With a 4-0 victory over Cornell last Sunday, Columbia won its first Ivy League title since 1993, ending the season with a 13-3-1 record.

“The 2016 men’s soccer team truly had a 'team first' mentality," said Anderson. "Representing our program is a responsibility and a privilege that we all shared and honored. This accomplishment represents everyone's dedication and we are truly honored to bring it home and win the title in a game at Rocco B. Commisso Soccer Stadium!"

Bosua becomes the first Player of the Year at Columbia since Rikki Dadason won the award in 1993. This is the 11th time a Lion has won the award, which is the most in the Ivy League. The forward from Dix Hills, New York, netted eight goals and added four assists, including a hat trick and an assist in the conference-clinching win over Cornell.

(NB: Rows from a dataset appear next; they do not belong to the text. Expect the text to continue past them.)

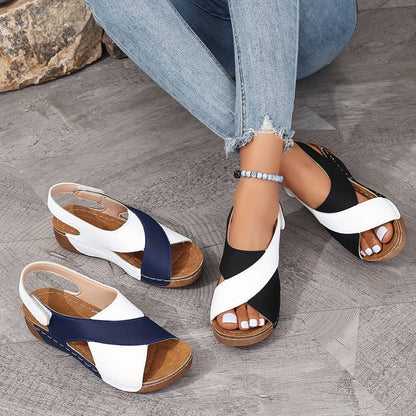 Karen™ | Comfortabele Open-Teen Strand Sandalen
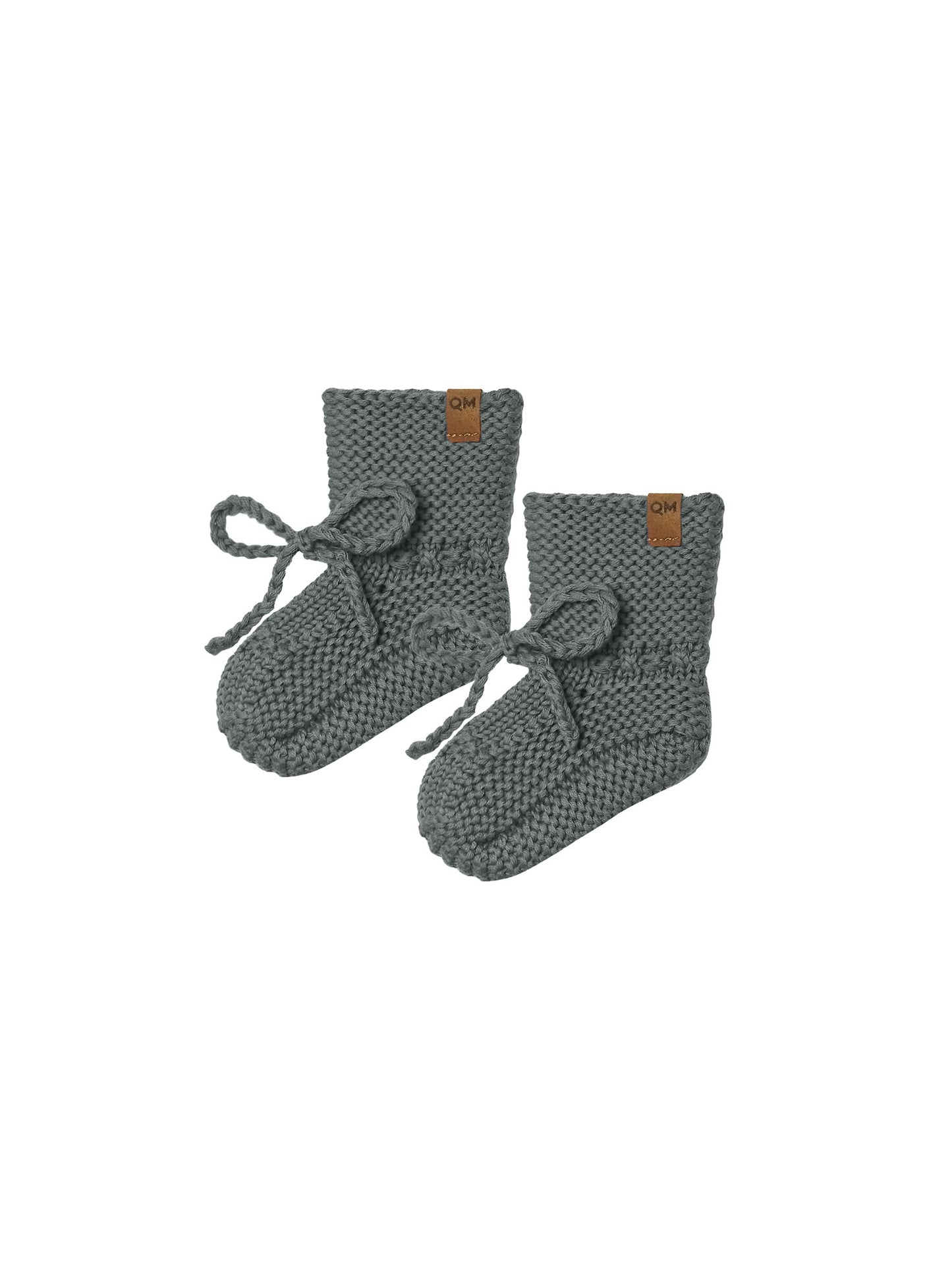 Knit Booties | Dusk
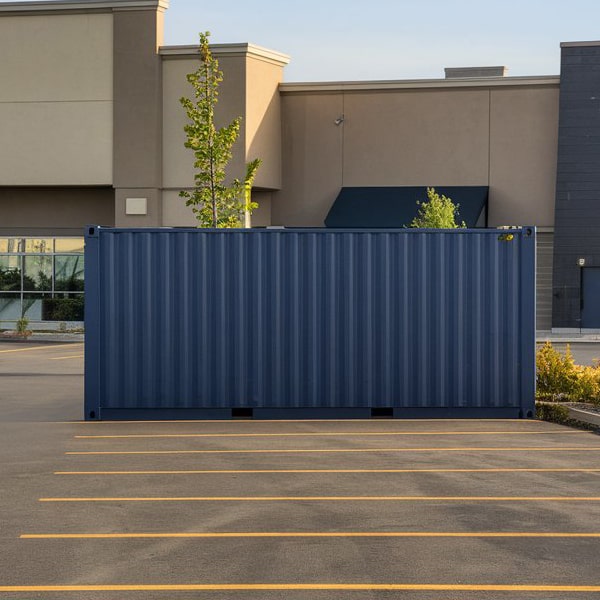 our commercial storage containers are suitable for storing hazardous materials, as they are designed to meet safety regulations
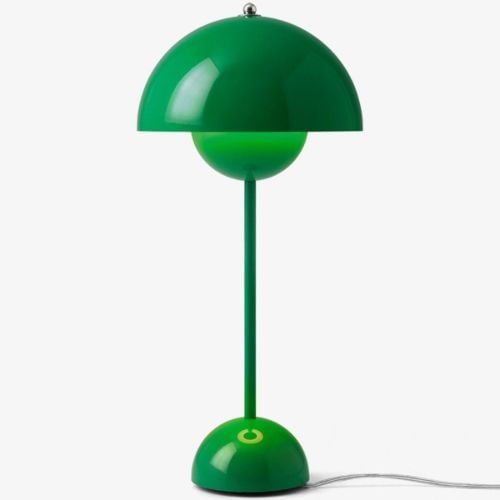 &Tradition Flowerpot VP3 Tischlampe H: 50 cm - Signalgrün
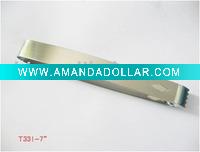 Wholesale S/S Easy ice tongs,Cook tongs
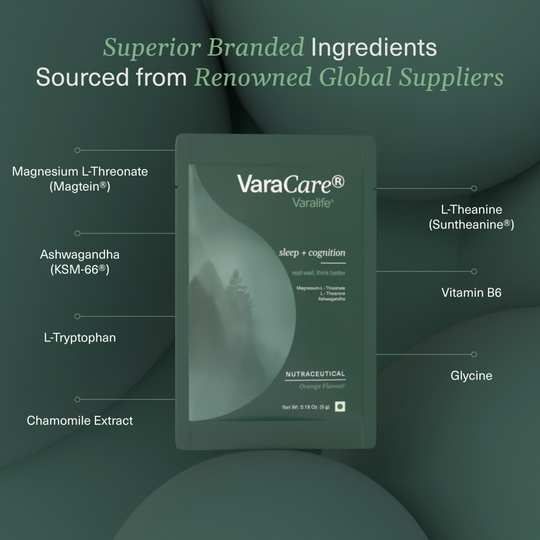 VaraCare® by Varalife® - Daily Sachet for Sleep + Cognition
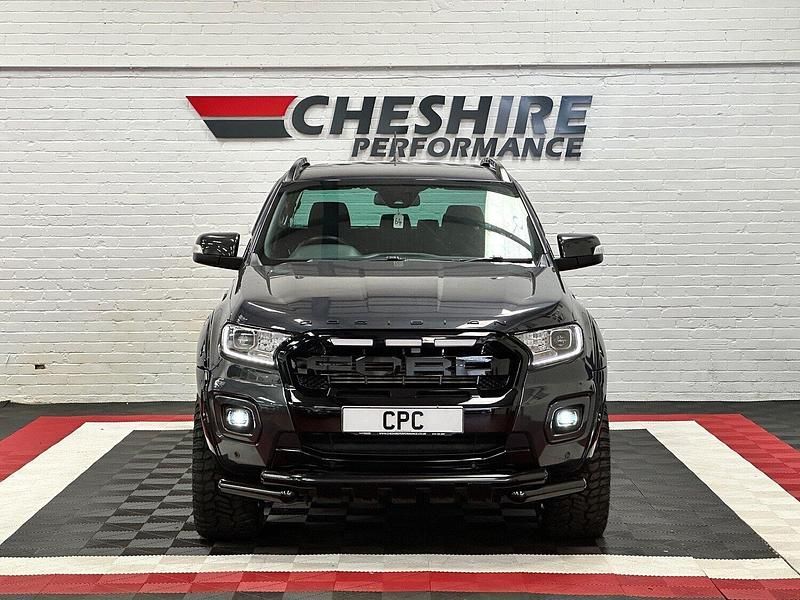 Used Ford Ranger Wildtrack 213 HP (156 kW) 2021 Grey Pickup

This is the second time in his career Bosua has been honored by the conference, as he was a first team All-Ivy League player a season ago.

Markarian is the first Ivy League Rookie of the Year for the Lions since Tinari earned the accolade his freshman season. The award gives the program a league-high nine overall recipients from Columbia, including three under Anderson with Henning Sauerbier collecting the award in 2010. On the season, the Ottawa native nailed game-winning goals against Central Connecticut and Princeton. Markarian was the second highest scoring rookie on the team with two scores, as classmate John Denis tallied four goals in 2016. Known for his possession skills in the defensive midfield, Markarian helped the Lions defense hold a league-low .71 goals against average.

Another impactful midfielder was Andrew Tinari, who was named a first team All-Ivy League player for the third time in his career. The Holbrook, New York, native knocked in a goal at Michigan State and also had two assists on the season. The program will miss their steady midfielder, as Tinari ends his career having appeared in 62 contests and starting in 55 of those matches.

A vital key to the Columbia back line, Bangerl helped his keepers in more ways than one. The center back registered three goals in 2016, including a brilliant bicycle kick at Brown that led to an important draw. Alongside Nike Azuma, Brendan Dennis, and Amit Shumowitz, the back line surrendered just 4.47 shots on goal per game. This is the second time the Pforzheim, Germany, native has been named to an All-Ivy League team, as he was an honorable mention pick a season ago.

One of two impressive goalies for Columbia this year, Dylan Castanheira ends the 2016 soccer season with one of the top outputs at goalkeeper in program history. The second team All-Ivy League selection is first in the NCAA in both goals against average (.290) and save percentage (.903). His save percentage mark eclipsed Gary Escher’s 1983 school record of .894. Castanheira went 9-1 with seven shutouts, as the back line helped the sophomore to not allow a goal in the final five contests. Along with the Landing, New Jersey, native, Zachary Adler finished the season fourth in the league in GAA (1.21) and third in save percentage (.791).